I think it is interesting how your child confided you with such an internal thought. But you seem inclined to with-hold your own thinking from your child. I don't mean to be rude, it's just a contrast. You should be able to explain to your child, the issues with that reasoning. Almost like you talk your spouse. We often underestimate what kids can understand. And even if he (or she) did not understand now, or did not show it, it's a good exercise.

Points to bring up with kid.

  • Accomplishment makes you feel much better than praise.
  • Keeping silent on their goals. Would be equivalent to parents stopping praise in return. Neither of them gets anywhere.
  • Parent love is not tied to praise or accomplishment.
  • Was there some goal that they were not praised for?
  • Thanks for your thoughts! I won‘t be seeing my child until tomorrow, and I from what I understand the issue has moved on, without me being privy to the conversation. I found your pointers very handy, thank you!
    – Edd Turner
    Sep 3, 2020 at 15:30

To summarize what I think the issue is: By praising your child for doing A, it made them reclassify A from something that they would automatically do, to something they now perceive was above and beyond their duty, and you want someone to explain how this happened and what you can do to prevent it in the future.

I would answer that not all praise sounds the same. Your praise in this instance may have been tinged with surprise that they were kind enough (naïve enough?) to ask you this question, thus cluing them in that you didn’t expect them to, leading them to think that they shouldn’t bother in the future.

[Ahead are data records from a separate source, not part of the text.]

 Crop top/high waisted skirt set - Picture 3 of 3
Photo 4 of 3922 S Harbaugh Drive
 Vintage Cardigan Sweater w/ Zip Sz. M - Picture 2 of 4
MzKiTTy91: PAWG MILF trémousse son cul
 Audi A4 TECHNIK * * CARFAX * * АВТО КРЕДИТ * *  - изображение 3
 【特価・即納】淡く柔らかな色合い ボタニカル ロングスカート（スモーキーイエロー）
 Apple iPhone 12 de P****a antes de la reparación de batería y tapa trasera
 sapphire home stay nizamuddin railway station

If instead you had flavored your praise with admiration – you were impressed that they were smart enough to ask you – for Joe’s “because our job is to protect you from things you might not even know about” reason – they might have come away pleased with the idea that you thought they were wise and, because there be dragons on the internet, intend to ask you again next time.

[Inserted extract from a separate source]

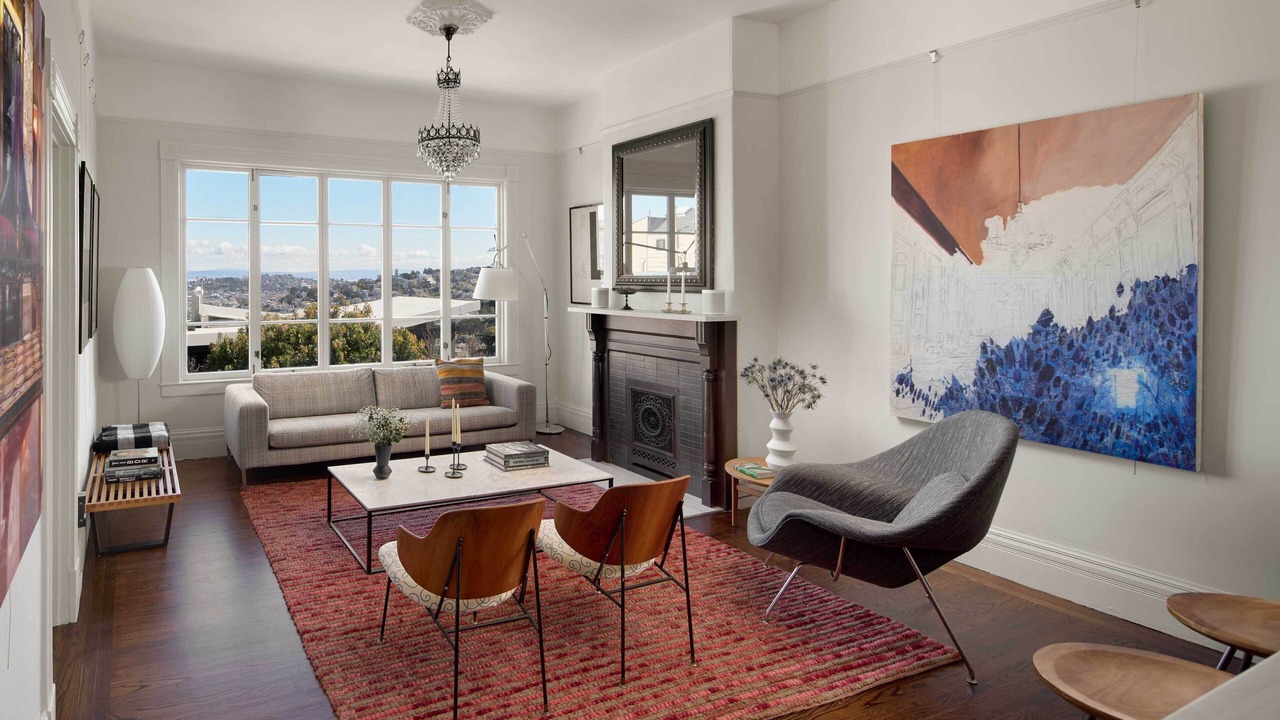Photo of Livingroom in Ashbury Heights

Note that you can do positive reinforcement without praise, however. One way is by offering respect. If you had merely discussed the issue with them, gravely and seriously, they might have been gratified that you respected them enough to do so, and – especially if you tell them there are even more dangers out there, the details of which they would be appalled to know about – resolve even more firmly to check with you next time.

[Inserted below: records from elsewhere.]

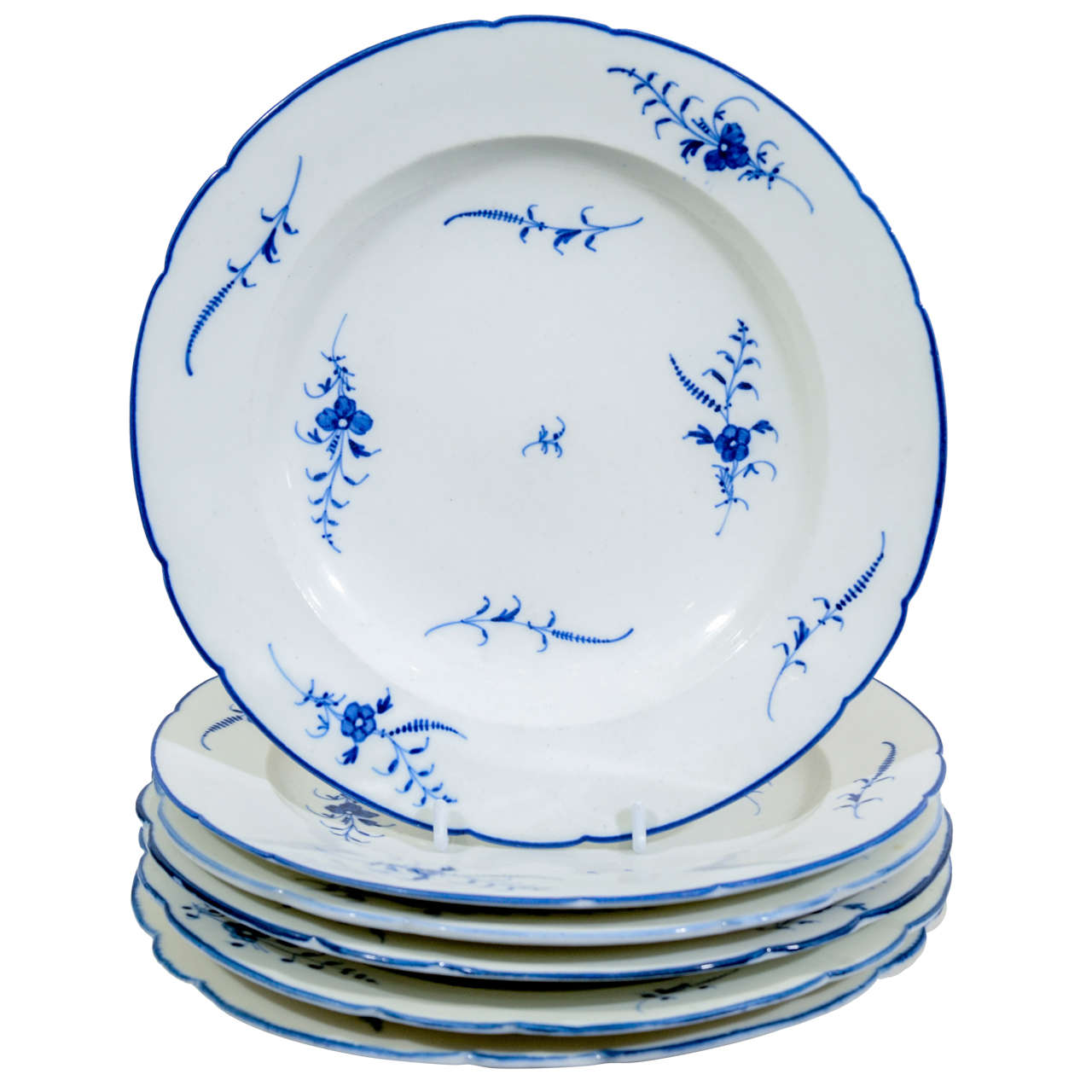 A Set of Dishes A Dozen 18th Century Chantilly Blue and White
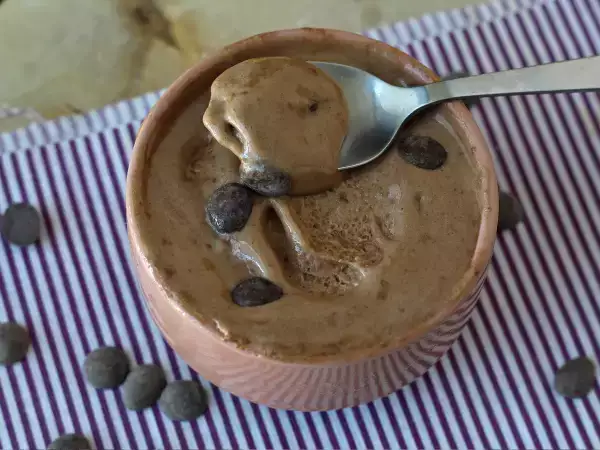 Recept Čokoládová srvátková super proteínová zmrzlina, hotová za 5 minút!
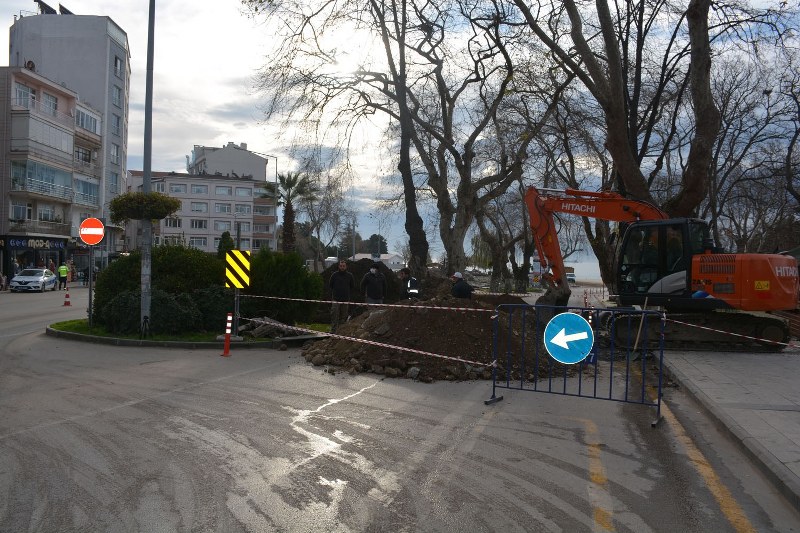 Sinop Meydan Projesi'nde yıkımlar devam ediyor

Appreciation can also be offered as positive reinforcement. For your child, instead of, “Good job picking up the living room!” you could say, “The living room looks great, by the way.” Appreciation even works with adults. To your partner, you could say, “Tonight’s meal was yummy! I especially loved the mushrooms with the asparagus!” without sounding odd. In other words, to both children and adults: I noticed, and I appreciate it.

Finally, to your question of whether you should positively reinforce every behavior you want repeated, or only extraordinary things, I believe that, at least as your child gets older, praise for normal things is going to feel patronizing. After all, when’s the last time your partner told you, “Good job with tonight’s meal! I liked the way you tried hard to make it without extra calories!”

However, and if we define extraordinary things as things that require psychic effort, I think that praise (minus the hearty enthusiasm) for doing extraordinary things is gratifying at any age. “Good job not blowing up at your brother-in-law tonight. I know you wanted to, when he made those nasty remarks.”